Date: July 14, 2005 at 11:56 am PST

Hi everyone,

I'm currently making another attempt at getting in shape. To keep myself motivated I decided
to walk a marathon (or possibly half-marathon) at the end of November. I joined a group that
does six months of training together and I'm enjoying it (of course, we're only at 7 miles so
far!). Next summer I'd like to do a sprint triathlon--that's a half mile swim, 12 mile bikeride
and 3 mile walk/run.

I'm lurking/occasionally posting at www.beginnertriathlete.com. The name seemed right for
me! However, even the newbies there seem way ahead of me. Not so much physically (well,
there's alot of that too!), but psychologically. They seem much more can-do, just do it, jump
right in.

A thread a couple of days ago at the tri site really started me thinking. A guy asked, why
women-only tris (like Reebok and Danskin)? The best answer, the one that resonated with
me, said something I hadn't thought of before.
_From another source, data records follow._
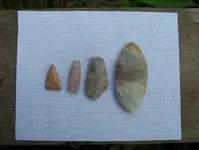 mexico_fred_184.webp
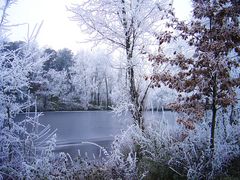 Givre sur le lac -- 12/2005 -- Reif an dem See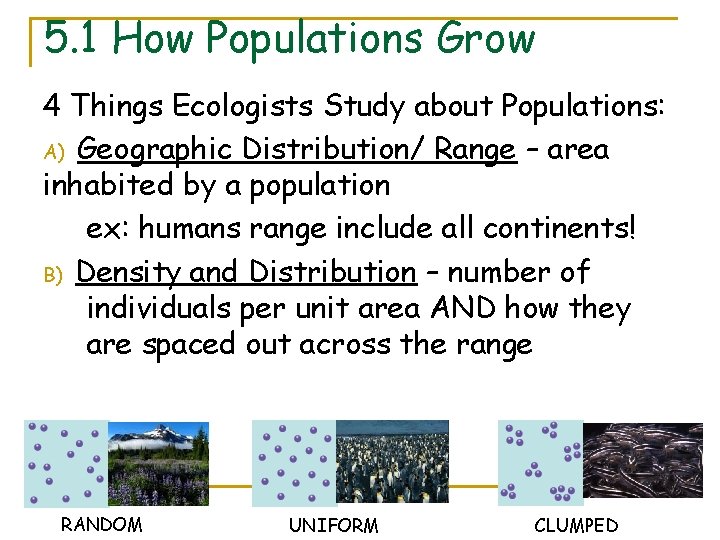 5. 1 How Populations Grow 4 Things Ecologists Study about Populations: A) Geographic Distribution/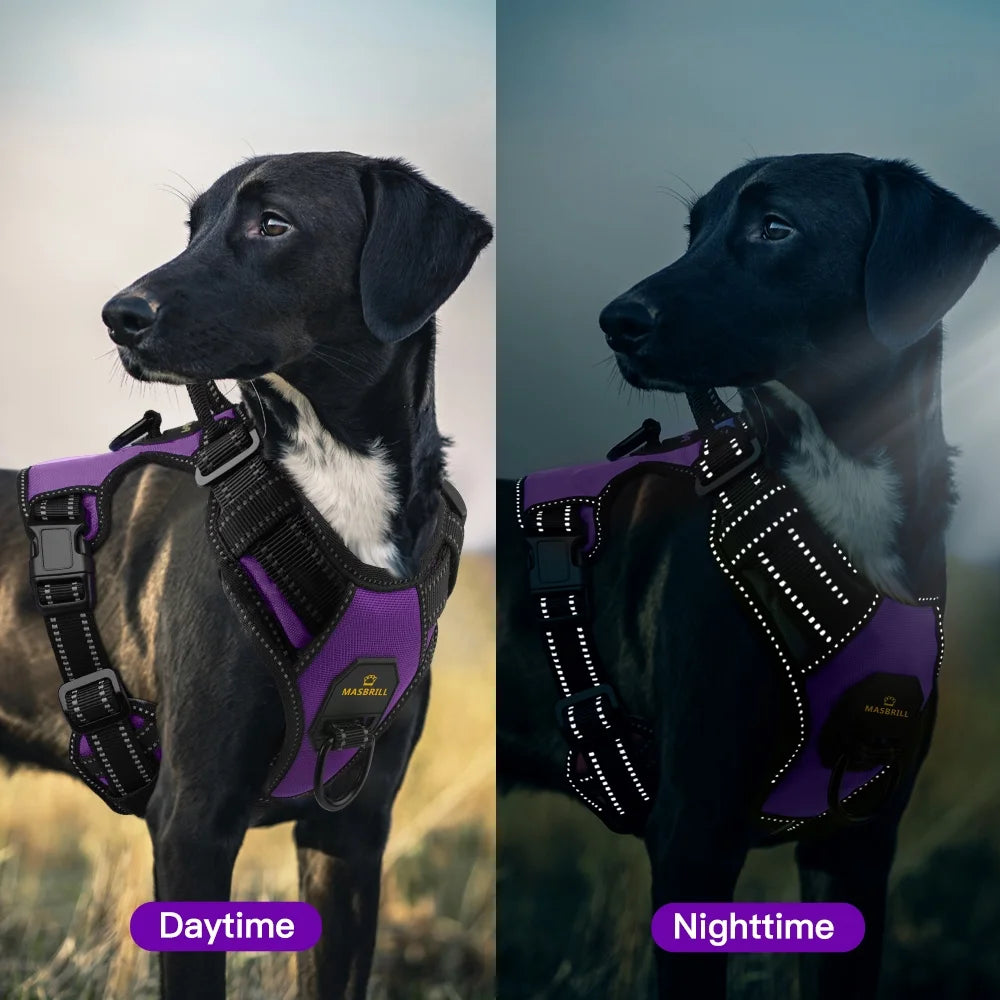 Reflective Dog Harness 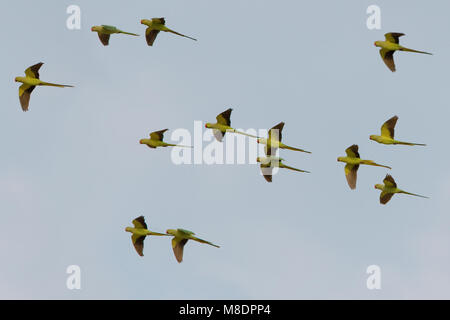 Groep vliegende Halsbandparkieten; Group of flying Rose-ringed Parakeets Stock Photo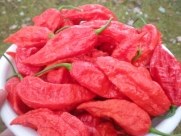 1000 Bhut Jolokia Ghost Chile Seeds by Pepper Gardeners (Wholesale)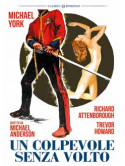 Colpevole Senza Volto (Un)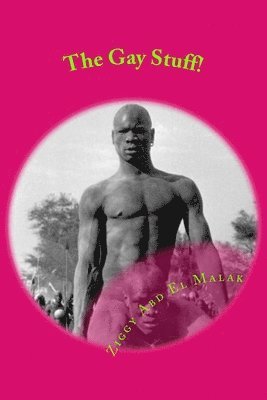 Ziggy Abd El Malak - The Gay Stuff!, Häftad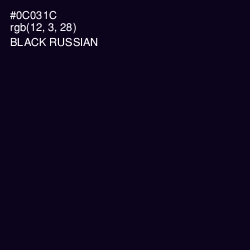 #0C031C - Black Russian Color Image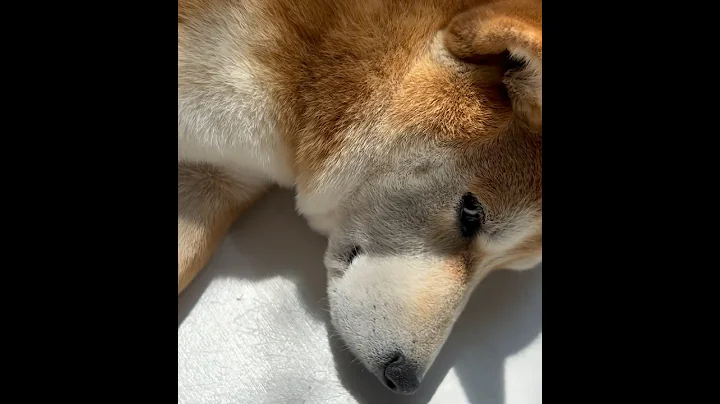 Bombastic side eye shiba ver.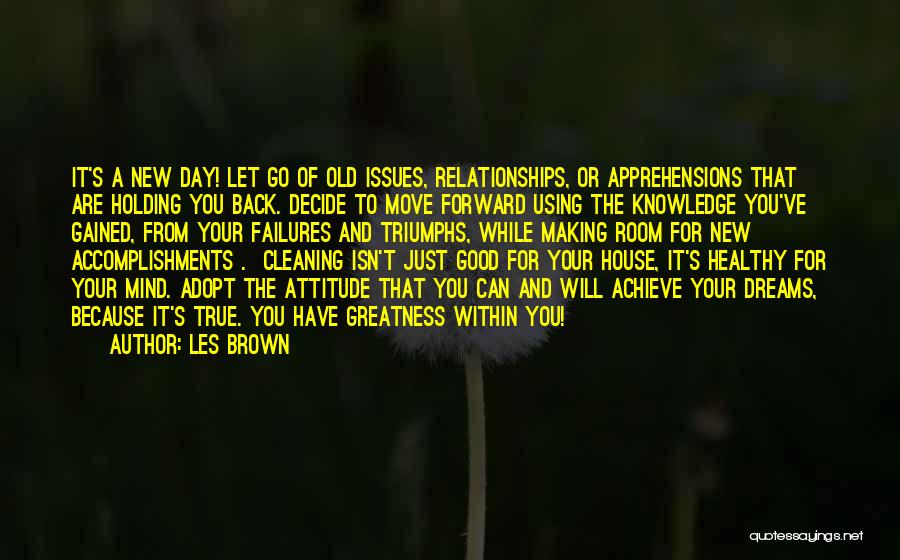 Cleaning House Quotes By Les Brown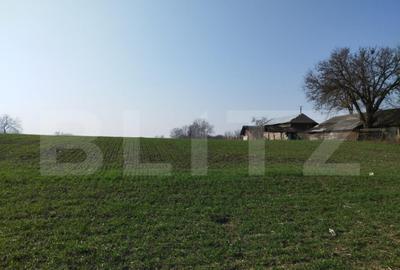 Teren 12223mp, deschidere 27mp, intravilan, Berceni Teren 12223mp, deschidere 27mp, intravilan, Berceni - 3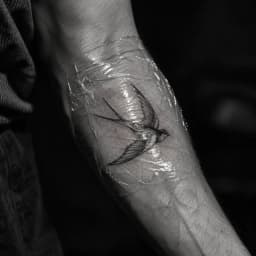 golondrina, film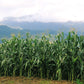 60 BICOLOR CORN DELECTABLE Yellow & White Zea Mays Vegetable Seeds
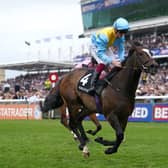 Rumstar in action at Newmarket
====Here's the part of that thread from the other board that I'm talking about:====

Title IX passed in 1972. That means for every woman older than 33, the idea that they, as
women/girls, deserved the same time and money and attention re: athletics was not
something they grew up with. So it's not that they can't do stuff, or that they are lesser
athletes, it's just that MANY women are missing a psychological part of "athletics" that many
men and younger women have possibly taken for granted I can;t imagine not growing up
doing sports and what that must be like to just start out as an adult. I was taken seriously
and cheered on by my parents starting at age 4 when I played Kiddie Kick. My dad was out
there all the time validating and bragging about me, I have always felt like a woman, a strong
woman, and I never felt I had to "soften" myself or dumb myslef down to be less threatening
to men (there was an old thread about exactly that happening still! Imagine how your mom
felt in 1940!) .

There is a huge amount of confidence and faith in oneself that athletics provide.But it's a
chicken and egg thing, it is hard to join a sport or team if you have no confidence that you
can do it or that you even belong there. I am 32. I grew up with little league, soccer, ice
hockey, at the local level, school level, collegiate etc. When I try a new sport, I feel pretty sure
I'll pick it up and have fun, and if it's hard, so what? I am used to working hard! I know how
to fall down. I know how to react if by accident during the course of play, I get jostled. I know
that my worth as a person is not affected if I am less "feminine," if my makeup runs, if I get
dirty. It was a given to my parents that I would do and play sports. My mom, on the other
hand, at 50 years old, decided she wanted to learn to roller blade because it looked fun. her
concerns? she would look fat and silly. she would fall and be embarrassed. she wouldn't learn
very quickly and she would drag everyone else down. being an "athlete" was not something
she ever thought she could do, bc it was not ladylike. She never learned to fall down, she
never learned that being dirty doesn;t make the boys run away (maybe it did back then!) And
she certainly didn;t know what it would be like to be physical and sweaty around strangers.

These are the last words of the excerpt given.